CATEGORIES Documentary, Independent, Michael Moore, Columns, Cinematical Indie, Columns, Cinematical
How do you respond to one-sided documentaries? Do you dismiss them for their lack of fair and balanced reporting? Do you celebrate the film if you agree with its agenda and denounce the film if you're against its position? Are you approving of bias only if it's upfront and/or personalized (a la Michael Moore)? And finally, where do you draw the line at accepting one-sidedness? Obviously any film against the Holocaust is okay. There's no other socially acceptable side to be on. But is everybody okay with a one-sided film against dolphin slaughter? How about one against the mass murder of electric cars?
These are all questions for which I'm curious how a general audience feels. I know how most critics respond to non-fiction films: subjectively enough that I can tell the politics and beliefs of the writer based on how he or she reviews them. Occasionally I'll know even before the reviews are out. At press screenings, critics tend to cheer and boo more during documentaries than fiction films. Footage of George W. Bush has especially elicited sneers from audiences at such screenings over the past few years.
Yet even with the critics who wear their ideologies on their sleeves there will always be a considerable preference for balanced documentaries, the sort that evenly lay out two sides of an issue, feature testimony from experts and significant parties representing both viewpoints and are at least seemingly nonpartisan or lacking in any agenda on the part of the filmmakers. This is especially welcome with hot button topics like abortion, which is why Tony Kaye's Lake of Fire was so well received. It's one of the most successfully apolitical documentaries ever constructed.
Yet that specific, brilliant example aside, I tend to favor documentaries with a certain leaning and appreciate most films with an angle as far from neutral as possible, no matter the side taken. I'm not talking about films that completely ignore other points of view or those with unfair, ungrounded and deceptive claims (a la both Michael Moore and his opponents at times). I mean documentaries that have real purpose and are made by filmmakers who are passionate about the subject being documented as well as their honest perspective on it.
It's surprising how many filmmakers appear to shake away their perspectives in the hopes of being more balanced or impartial only to produce a film that comes off as indifferent or ambivalent about the subject matter. Sure, there are documentaries about specific people and events that are totally objective, but when a film looks at a topic that's broader and/or issue-oriented, a documentarian is best to take a stance and say something about that topic.

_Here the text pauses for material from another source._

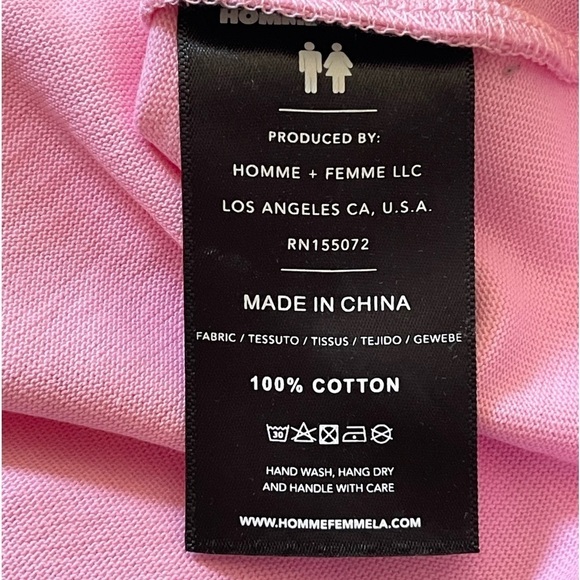 Homme + Femme Hotel Tee - Picture 6 of 7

This week I watched two very different new documentaries. The first, which I will only slightly discuss because I want to praise it more fully closer to its release date, is the necessarily one-sided The Art of the Steal. I say necessarily because if its story, detailing fifty years of a custody battle involving a multi-billion-dollar art collection, were to be a more balanced look at the dispute between little-power art students and big-money bureaucrats, it would have been extremely bland. The issue is not well known or important enough to most people to be attractive solely on facts and equal-measured debate. There has to be a classic David vs. Goliath narrative. Yet it unsurprisingly has been criticized for its one-sidedness.
The other film is called Waiting for Armageddon, and it follows three Evangelical families who believe the Rapture is coming any day now. The documentary is a rarity in that it approaches its subject matter openly and without agenda yet is narrowly one-sided in its scope. Directed by three filmmakers, Kate Davis (Southern Comfort), her sometime collaborator David Heilbroner (Pucker Up) and Franco Sacchi (American Eunuchs), all of who were curious and for the most part unknowledgeable about Christian Zionism and their beliefs regarding the Rapture, Tribulation and Armageddon.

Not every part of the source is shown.